A vestige of the aftermath of North Carolina’s infamous 2016 “House Bill 2” (also known as “the Bathroom Bill”) expired on December 1, 2020, paving the way for local North Carolina governments to pass or reinstate anti-discrimination ordinances.
In March 2017, House Bill 142 (also known as “the Compromise Bill”) repealed House Bill 2, which had required individuals to use the public bathroom that corresponded with the sex on their birth certificate. As a compromise, House Bill 142 prevented local governments from enacting or amending an ordinance regulating private employment practices or regulating public accommodation.1 This prohibition expired on December 1, 2020.2 Since then, Carrboro, Chapel Hill, Durham, Greensboro, Hillsborough, and Orange County have passed local anti-discrimination ordinances.

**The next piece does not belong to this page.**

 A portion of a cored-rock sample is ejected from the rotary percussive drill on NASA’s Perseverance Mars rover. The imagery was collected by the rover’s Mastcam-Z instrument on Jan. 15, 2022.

Chapel Hill,3 Hillsborough,4 and Carrboro5 were the first local governments to adopt anti-discrimination ordinances following expiration of the state preemption law. On January 19, 2021, Orange County, Durham, and Greensboro passed similar ordinances.
Durham’s anti-discrimination ordinance protects individuals from discrimination in employment because of race, color, religion, national origin, sex, disability, familial status, military status, sexual orientation, gender identity and protected hairstyle.6 “Protected hairstyle” is defined as “any hairstyle, hair type, or hair texture historically associated with race, such as, but not limited to, braids, locks, twists, tight coils or curls, cornrows, Bantu knots and afros.” The Durham ordinance also provides a private cause of action for enforcement of the anti-discrimination provision. Specifically, those found in violation of the ordinance may be ordered to correct the discrimination via an injunction. The ordinance takes effect on July 1, 2021.

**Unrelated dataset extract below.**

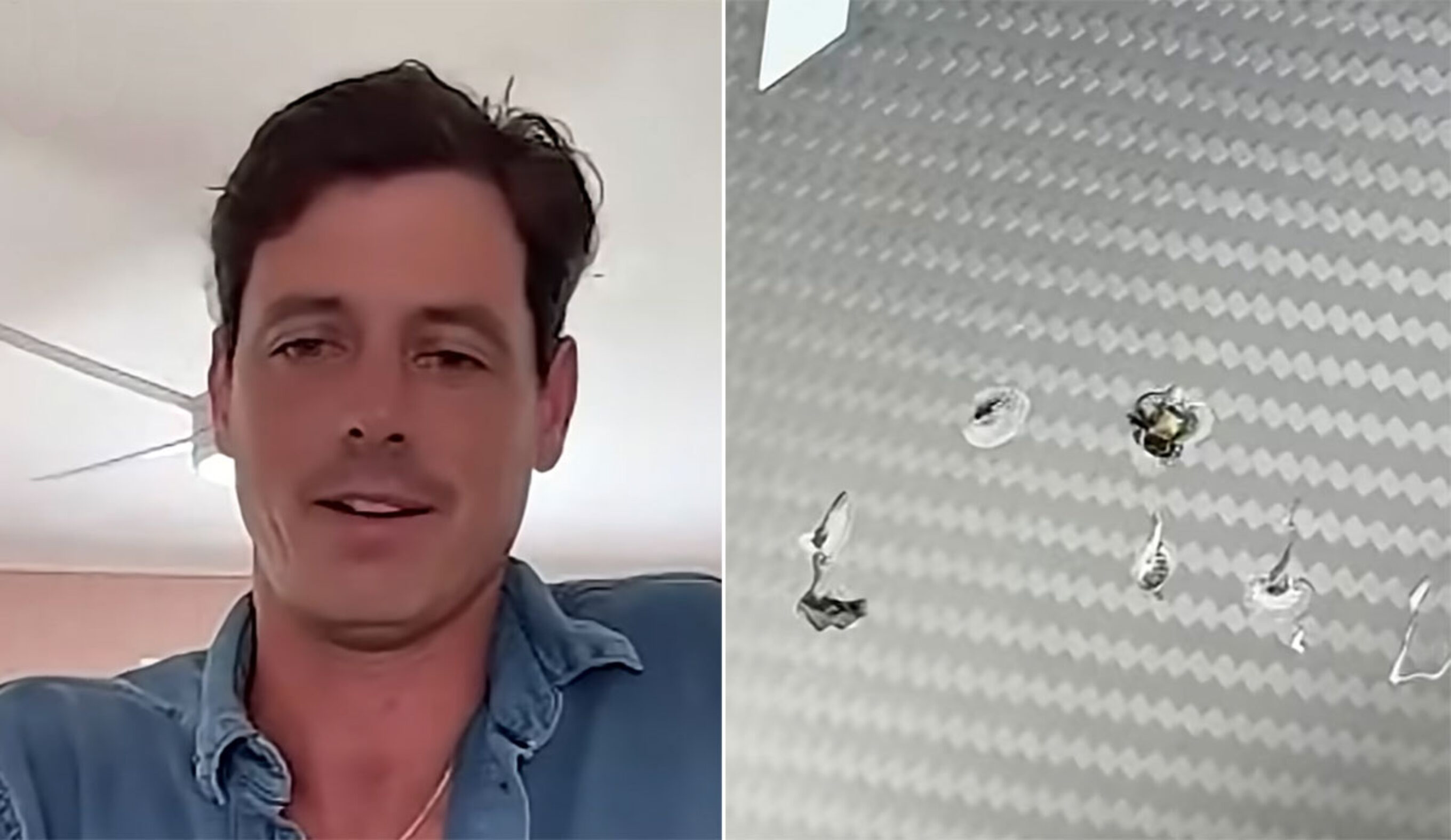 Dave Seymour explaining shark attack while he was on an e-foil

Orange County’s Non-Discrimination Ordinance provides an expanded definition of protected class, including: age (40 years of age or older), race, ethnicity, color, national origin, religion, creed, sex, sexual orientation, gender, gender identity, gender expression, marital status, familial status, source of income, disability, political affiliation, veteran status and disabled veteran status.7 While Orange County’s ordinance does not explicitly prohibit discriminatory conduct in employment, it provides that Orange County will not enter into a contract with any business that has discriminated against any protected class in the solicitation, selection, hiring or treatment of vendors and suppliers. Further, it prohibits the denial of public accommodations to an individual on the basis of a protected status. The ordinance took effect on January 19, 2021.

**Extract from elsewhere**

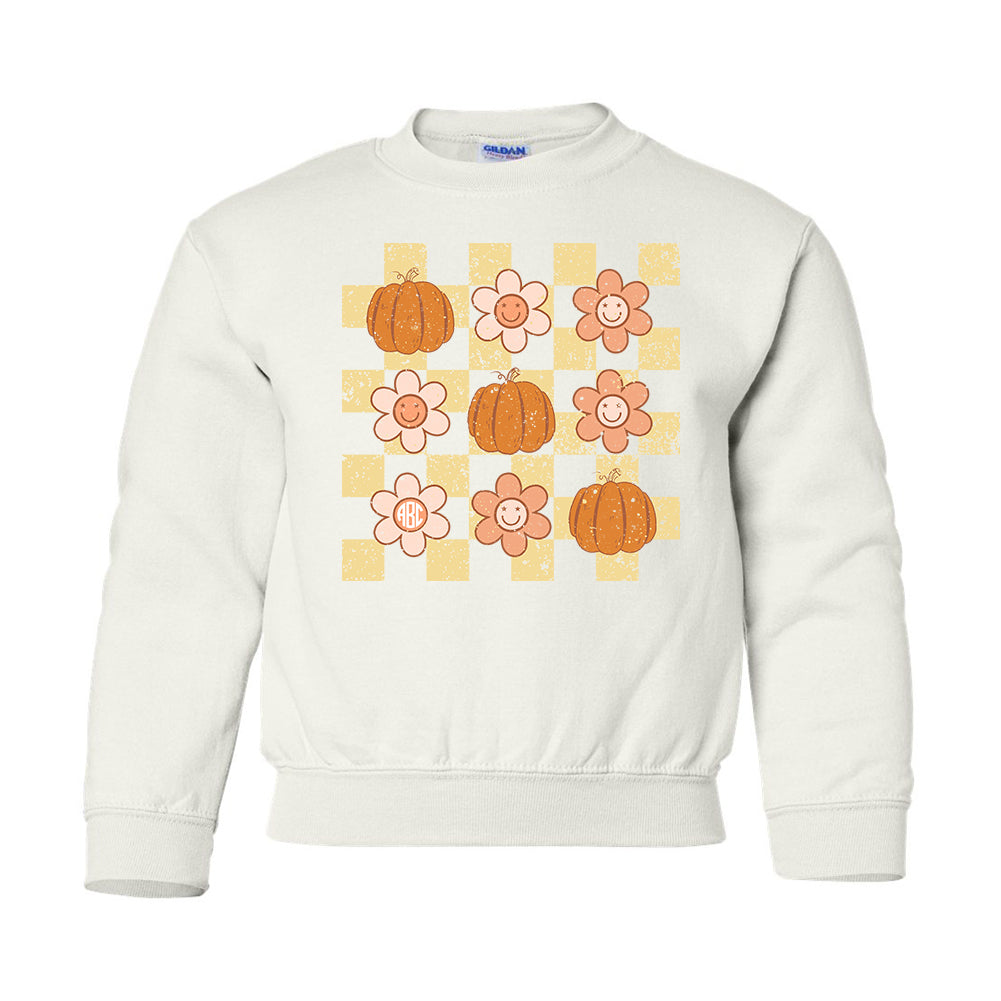Kids Monogrammed 'Daisy Pumpkin' Crewneck Sweatshirt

The Greensboro ordinance prohibits employers with 15 or more employees from failing to or refusing to hire, discharging, or discriminating against an individual with respect to compensation or other privileges of employment because of the individual’s race, color, religion, sex or national origin.8 The definitions of “race” and “national origin” include hair texture and hairstyles that are commonly associated with race or national origin. The term “sex” includes sexual orientation, gender expression and gender identity. Individuals may file a complaint within 60 days after an alleged violation with the Greensboro Human Rights Department, which will then investigate and potentially work with the parties to mediate and resolve the issue. If mediation is unsuccessful, the individual will then have a private right of action against the employer. The Greensboro ordinance takes effect on July 1, 2021.
As more local governments in North Carolina follow suit with such anti-discrimination provisions, we will report on significant developments.